In July, after a series of crackdowns against Bitcoin mining in China, the difficulty in mining Bitcoin was immediately affected, dropping by 30%. Zetlin-Jones said similar results are now emerging on the Ethereum blockchain, where the large Ether Mining Pools (ETH) in China are now offline. Zetlin-Jones continued:
“Reducing mining difficulties reduces entry costs for mining and creates opportunities for new entrants to mining. While I believe this could be beneficial in fostering decentralization in the mining sector, it is not clear that this is an opportunity for the United States in particular. “
Charles Allen, CEO of BTCS Inc. – a publicly traded company offering blockchain infrastructure – remains optimistic. He told Cointelegraph: “Blockchain technologies have the power to change the world the same way the internet has. Simply put, they are the future of finance and beyond.
Allen said that if China does not want to participate in development and innovation, it is 100% an opportunity for the United States in the long run.

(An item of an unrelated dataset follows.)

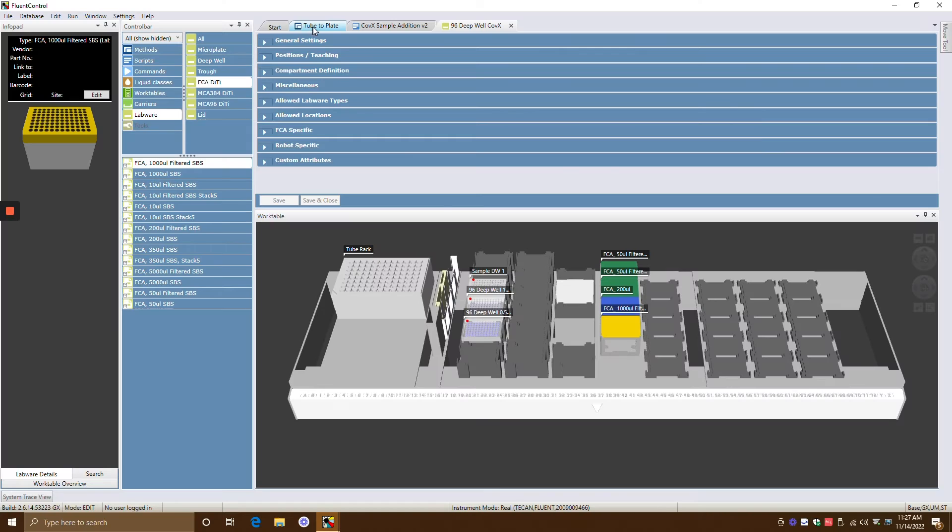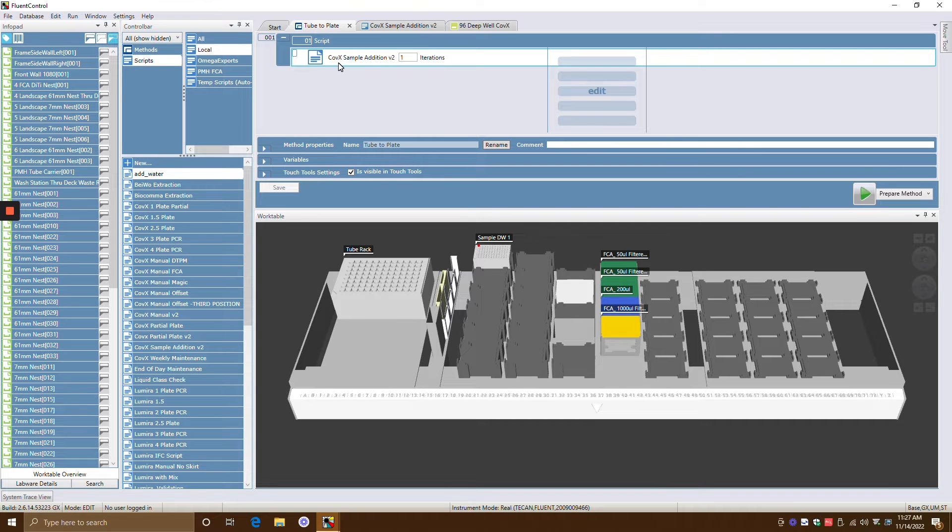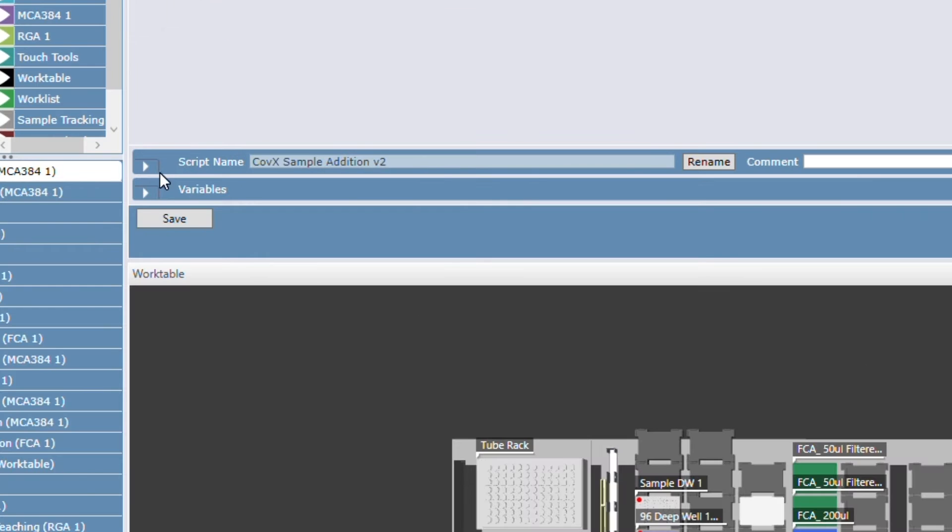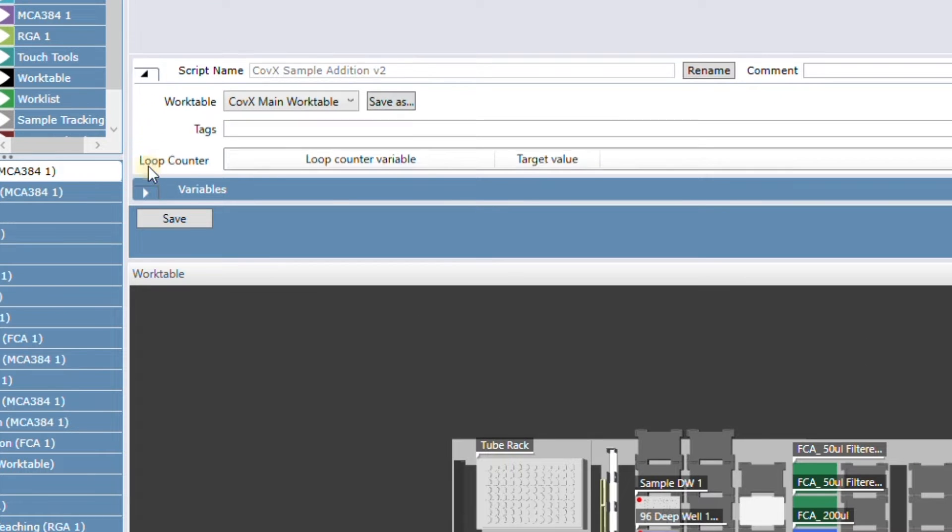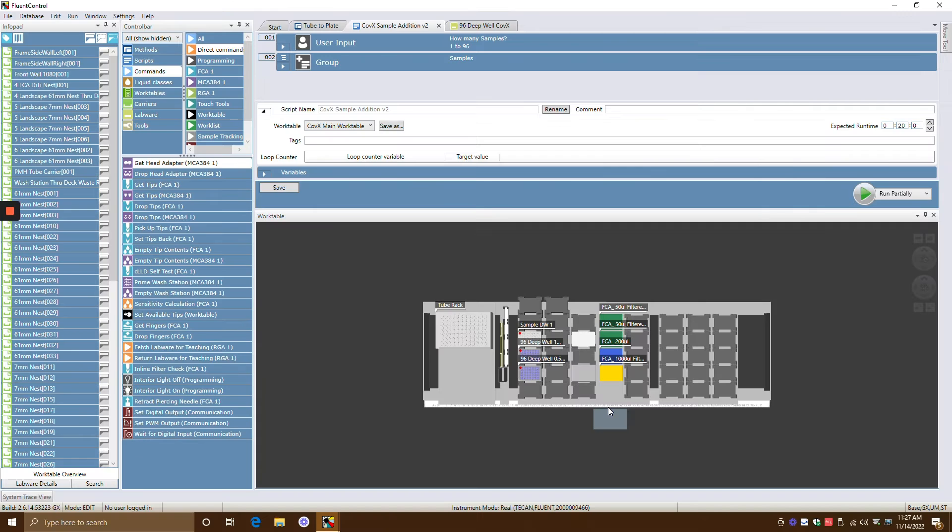Let's get into work tables. Say for example, here's a method that I have. Where you find where the work table is not here in the script, but more in the method. So here's the method. And if you look under script name, if you click this little arrow, that's where the work table is hiding. So you can change the work table from there and save it.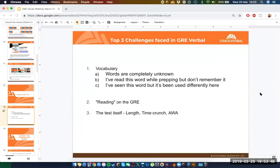Within a verbal section, about half the questions are based on filling in a blank — picking the most appropriate word. The other half tend to be reading comprehension. A single section has 20 questions, so it's kind of a 10-10 split. The AWA stands for the Analytical Writing Assessment — essentially an essay section where you write two essays over the course of an hour. It's scored separately and doesn't impact your verbal score out of 170.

Related: Crypto Community Worried About Impact Of Infrastructure Bill On DeFi
US Senator Pat Toomey agrees, writing on Twitter, “China’s authoritarian crackdown on crypto, including #Bitcoin, is a great opportunity for the United States. It’s also a reminder of our huge structural advantage over China.”
The opportunity for the United States and other major economies here is huge, as various sectors of crypto businesses, like trading and mining, have to relocate to China and thus would contribute to the surrounding economy with employment opportunities and a constant flow of capital.
Even though there is absolute clarity on the law for crypto business and services, individual investors and cryptocurrency holders are still unsure whether owning cryptocurrency is illegal. Boggiano claimed that while China-based investors cannot transact cryptocurrencies on the exchanges, OTC access to the crypto market remains relatively unchanged.